Tobacco use was much more prevalent in Alaska than in the Southwest. In Alaska 33.1% of participants spoke their Native language at home, either alone or in combination with English; while in the Southwest, 70.8% spoke their Native language at home. In Alaska, 36.5% of the participants lived in an urban area (population ≥50,000); in the Southwest only 5.0% lived in an urban area.
As employment, perceived general health, body mass index, and factors potentially related to traditional lifestyle were not associated with any of the screening tests in the multivariate models, data on the distribution of these characteristics in the study population are not presented in Table 2.
Screening test prevalence
Table 3 presents the prevalence of the three screening tests. For Pap test, there were 6,435 women with available Pap test information who had not had a hysterectomy. Of these, 75.1% of women living in Alaska, and 64.6% of women living in the Southwest reported a Pap test in the past 3 years (Table 3). Fewer women in Alaska than in the Southwest reported never having had a Pap test (5.4% in Alaska and 13.4% in the Southwest).
Table 3
Table 3
Prevalence of cancer screening tests among Alaska Native and Southwest American Indian populations
Mammography data were available on 3,558 women aged 40 years and older. Of these, 64.6% in Alaska and 44.0% in the Southwest reported having had a mammogram in the past two years. In Alaska, 11.8% had never had a mammogram, and in the Southwest 30.1% had never had a mammogram.
Among participants 50 years and older, data on colonoscopy/sigmoidoscopy were available for 2,779 people. Of these, 41.1% in Alaska and 11.7% in the Southwest reported having had a colonoscopy or sigmoidoscopy in the past five years. Less than half of participants in Alaska had never had a colonoscopy or sigmoidoscopy, whereas 83.4% of those in the Southwest reported never having had a colonoscopy or sigmoidoscopy.
Predictors of Pap test
Table 4 presents predictors for Pap test among the 5,853 women for whom the timing of the last test was known. The youngest and the oldest participants were least likely to have had a Pap test in the past three years. The age groups most likely to have had a Pap test in the past three years were those aged 25–29 and 30–39. Alaska residents were more likely to have had a Pap test than were residents of the Southwest American. Women who had never been married were least likely to have had a Pap test. There was an increasing trend in screening with increasing level of education (test for trend P < 0.01). Individuals with one or chronic medical conditions were more likely to be screened. Women who spoke only their American Indian Alaska Native language at home were less likely to have been screened than were women who spoke only English at home. Income was also positively related to screening, although not as strongly as educational status.
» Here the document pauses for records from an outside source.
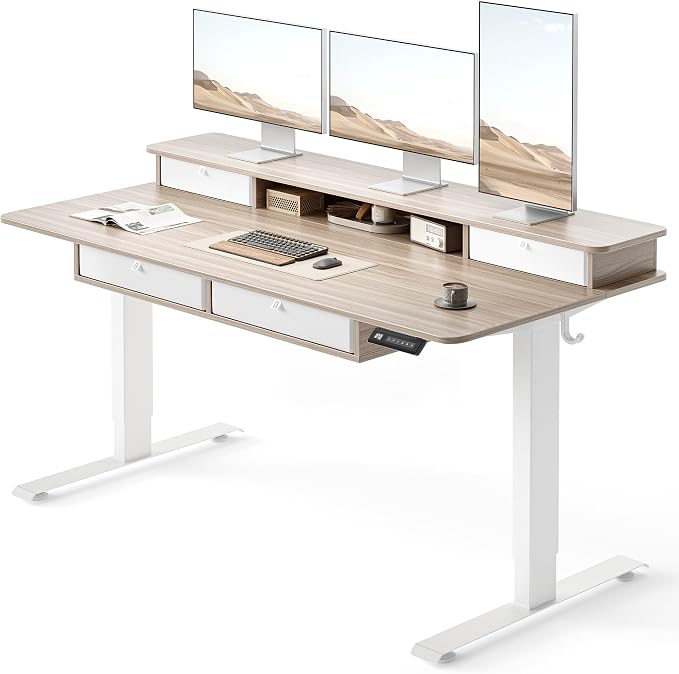 FEZIBO 60 x 30 inch Standing Desk with Drawers, Height Adjustable Electric Workstation, Computer Sit Stand Up Table with Large Storage Shelf 4 Drawers and 2 Hooks, Light Rustic Brown | Height Adjustable Workstation, Computer Sit Stand Up Office Table w...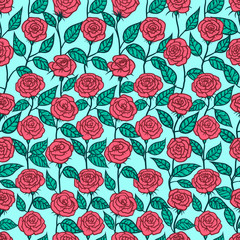 Fototapeta na wymiar Seamless pattern with roses boho style. Sketch line art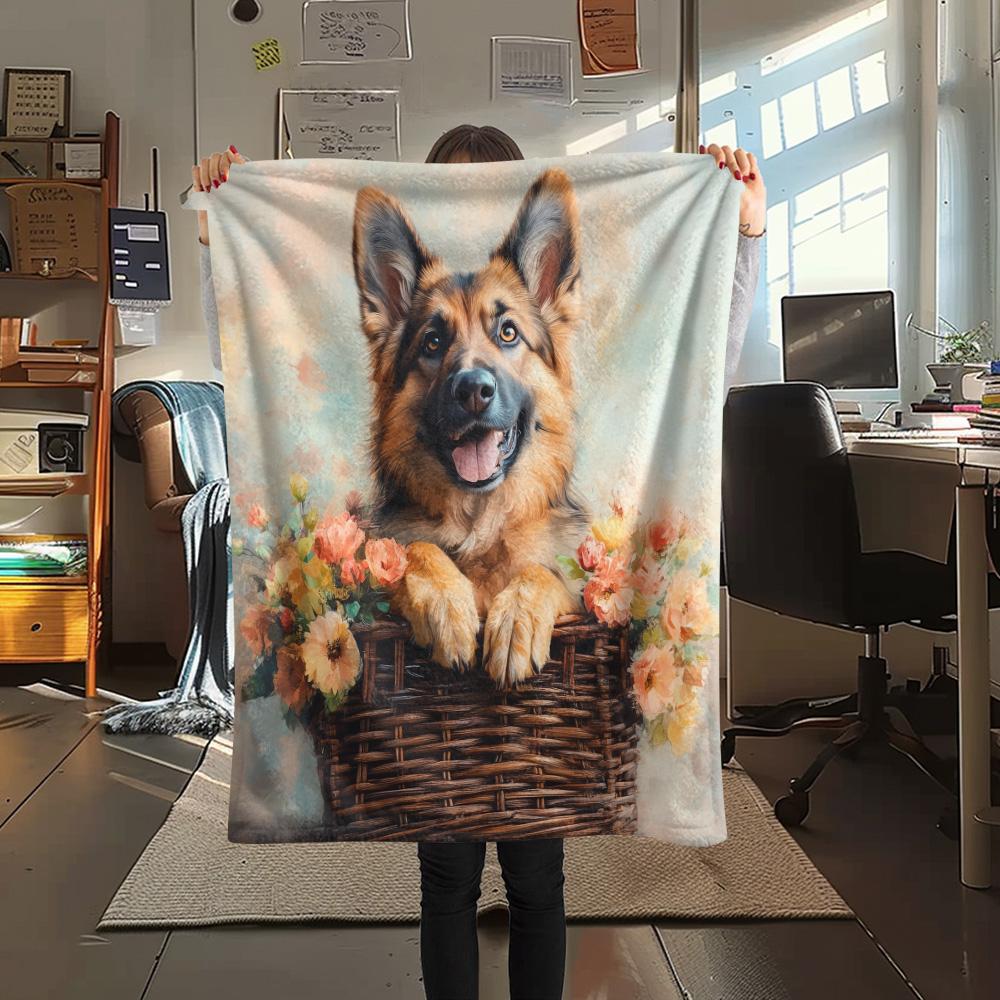 Flower Basket Dogs Print Flannel Blanket, High quality Comfortable for All Seasons, Home Decor, Warmth and Comfort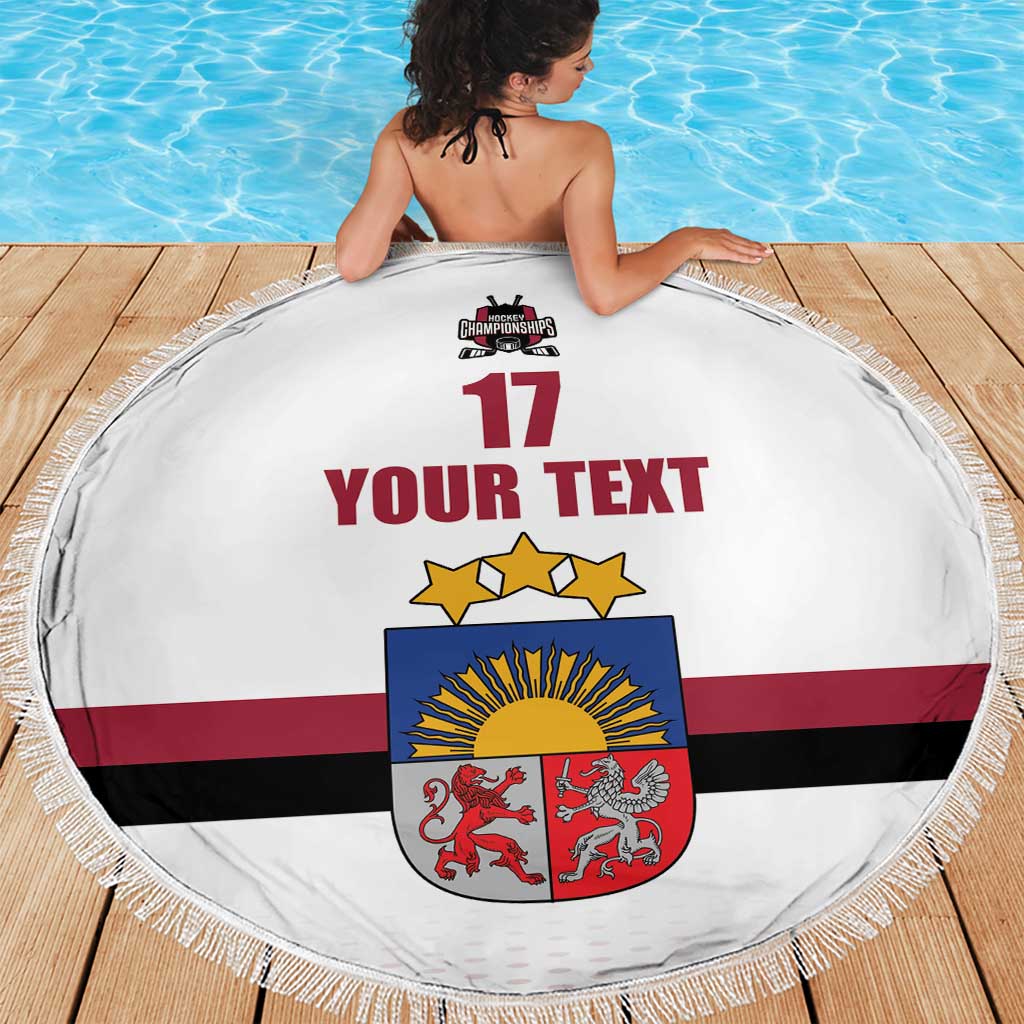 Custom Latvia Ice Hockey Champions Beach Blanket Come on Latvija White style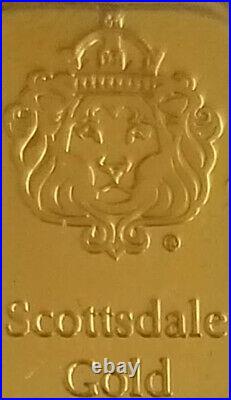 Brand New, Scottsdale 1 Gram. 9999 Gold Bar Lion Head COA TEP Certi -Lock BU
Variables found not to be significant in the final multivariate analyses were: employment, family history of cancer, tobacco use, perceived general health, body mass index, urban/rural residence, use of traditional medicines, advice from traditional healer, identity with tribal tradition, identity with non-Native culture, and participation in traditional events.
Table 4
Table 4
Predictors of Pap test in past three years among Alaska Native and SW American Indian women: N = 5,853
Predictors of mammography
Table 5 presents the predictors for mammography among the 3,293 women for whom the timing of the last mammogram was known. Women in the age groups 50–59 and 60+ were more likely to have had a recent mammogram than those aged 40–49 years. Residents of Alaska were more likely to be screened than those living in the Southwest (70.8% versus 47.2%). As with Pap test screening, a statistically significant trend for increasing mammogram screening with increasing education was found (test for trend P < 0.01). Women with a positive family history of breast cancer were more likely to report mammography. Current users of snuff or chew tobacco were less likely to be screened than former or never users. Women with other medical conditions were more likely to be screened. Urban residents were more likely to be screened than those living in rural areas. In addition, mammography screening increased with increasing income. Those who had had other screening tests (Pap and colonoscopy/sigmoidoscopy) were much more likely to have received mammography in the past two years. Variables found not to be significant in the final analyses were: employment, family history of any cancer, cigarette use, perceived general health, body mass index, language at home, use of traditional medicines, advice from traditional healer, identity with Tribal tradition, identity with non-Native culture, and participation in traditional events.
Table 5
Table 5
Predictors of mammogram in past two years among Alaska Native and SW American Indian women: N = 3,293
Predictors of colonoscopy/sigmoidoscopy
Table 6 presents the predictors of colonoscopy/sigmoidoscopy among the 2,745 men and women for whom timing since the last procedure was known. Individuals in the age group 60+ were somewhat more likely to have received colonoscopy or sigmoidoscopy in the past five years than those aged 50–59 years. Women were slightly more likely than men to be screened. There was a significant difference in the prevalence of screening by location (Alaska 41.9% versus Southwest 11.8%). There was an increasing trend in screening with increasing level of education (linear test for trend P < 0.01). Individuals with a family history of any cancer were more likely to be screened, as were those with a family history of colorectal cancer. Former smokers were more likely to be screened than current or never smokers; those with other medical conditions were more likely to be screened. Individuals who spoke only English at home versus those who spoke a Native language (either alone or with English) were also more likely to be screened, as were those residing in an urban area, and those with higher incomes. Women who had received other screening tests (Pap test or mammogram) were also more likely to have received a colonoscopy or sigmoidoscopy. Variables found not to be significant in the final analyses were: employment, marital status, chew/snuff use, perceived general health, body mass index, use of traditional medicines, advice from traditional healer, identity with Tribal tradition, identity with non-Native culture, and participation in traditional events.
Table 6
Table 6
Predictors of colonoscopy or sigmoidoscopy in past five years among Alaska Native and SW American Indian men and women: N = 2,745
This study describes current screening rates and associated factors for a large number of American Indian and Alaska Native people surveyed in two regions of the US. Location (Alaska versus Southwestern US), educational status, income, and having one or more chronic medical conditions were consistently predictive of all three screening tests.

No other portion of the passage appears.